Law360 (June 5, 2020, 4:16 PM EDT) -- In the last week or so, the Internet Archive's library service came under fire, a vodka company that started making hand sanitizer sought to defend its brand name, a convicted intellectual property thief asked to be let out early over the pandemic, and the U.S. Patent and Trademark Office launched a new resource center.
Here's what you need to know about the latest coronavirus impacts on IP.
Stand-In For Closed Libraries Sparks Suit
The month started off with Hachette Book Group Inc., HarperCollins Publishers LLC, John Wiley & Sons Inc. and Penguin Random House LLC suing the Internet Archive for copyright infringement.
The June 1 suit in New York federal court claims the organization is engaging in "willful digital piracy on an industrial scale" with its Open Library, where users can borrow e-books made by scanning physical books. The alleged misconduct escalated during the COVID-19 pandemic, when the Internet Archive launched the "National Emergency Library" in response to the closing of in-person libraries, the suit claims.

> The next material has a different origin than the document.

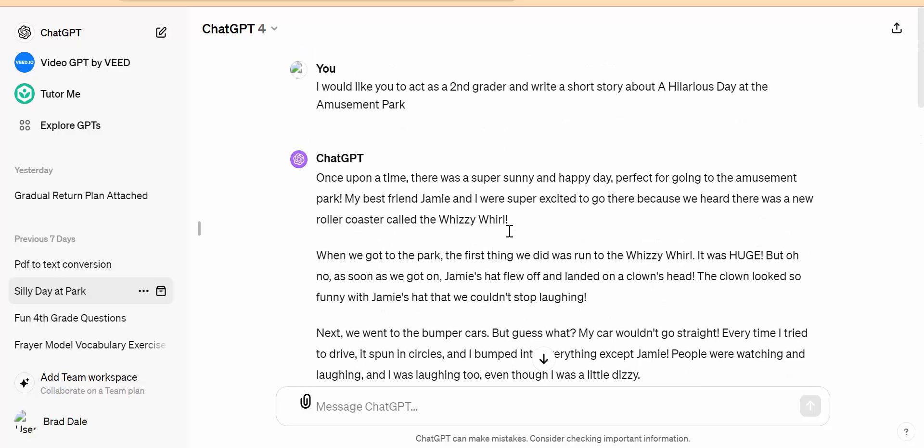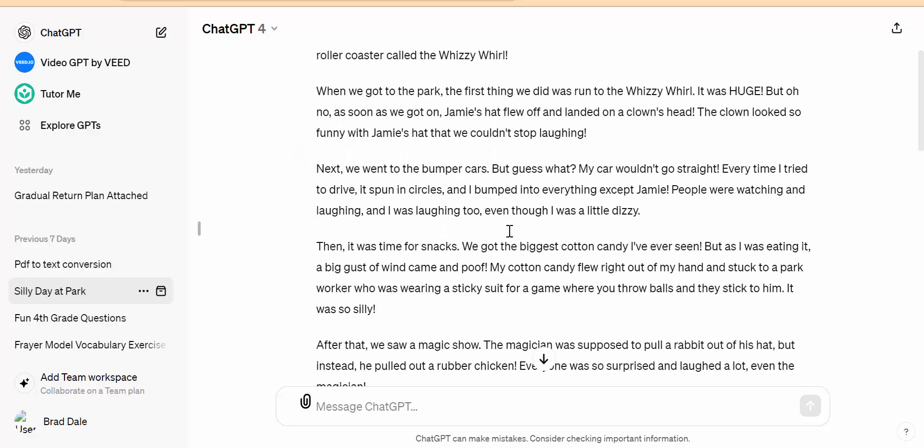The ability to read aloud is also available on your iOS as well as your Android phone, just by selecting the text, holding it down, and then you'll see the option to read aloud.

Internet Archive founder Brewster Kahle defended the organization's role as a library and said he hopes the case can be "resolved quickly."
Hand Sanitizer Maker Wants To Ward Off TM Claims
Then on Tuesday, 28 Mile Vodka Co. LLC filed a trademark suit against Hopmaniacs LLC. 28 Mile is asking for a declaratory judgment that it didn't infringe Hopmaniac's "Toughtown" trademark with its "Tough Town" hand sanitizer.
The vodka and gin company based in Highwood, Illinois, said that when its business was "deeply impacted economically" during the pandemic, it started looking into making hand sanitizer. It donated 12,000 bottles of its new product to the Chicago Police Department, marketed as Highwood's nickname, Tough Town, and then started selling the bottle for profit and applied for a trademark registration, the complaint states.
Beermaker Hopmaniacs called warning of alleged trademark infringement, leading 28 Mile to sue, saying it's "not attempting to palm off its hand sanitizer as defendant's beer product."
Hopmaniacs couldn't be reached Friday.
IP Thief Requests Pandemic-Related Prison Release
All this came after the first person ever convicted of economic espionage by a federal jury — for stealing manufacturing secrets from DuPont Co. and selling the information to Chinese-owned companies — asked for early home release, saying he contracted COVID-19 in prison and is on a ventilator.
Walter Liew, 62, on May 29 said his age and underlying medical conditions put him at an elevated risk were he to get the virus again. The motion notes that Liew, who was incarcerated in Lompoc, California, is still waiting on test results to confirm that he did contract the virus.
USPTO Creates COVID-19 Resource Center
Outside of court, the USPTO on Wednesday launched a resource center on its website to centralize initiatives and programs specific to the pandemic, along with other related IP information.
"The COVID-19 Response Resource Center will provide inventors, entrepreneurs, and IP practitioners with a centralized destination to access information and assistance needed to meet the challenges of these times," USPTO Director Andrei Iancu said in a statement.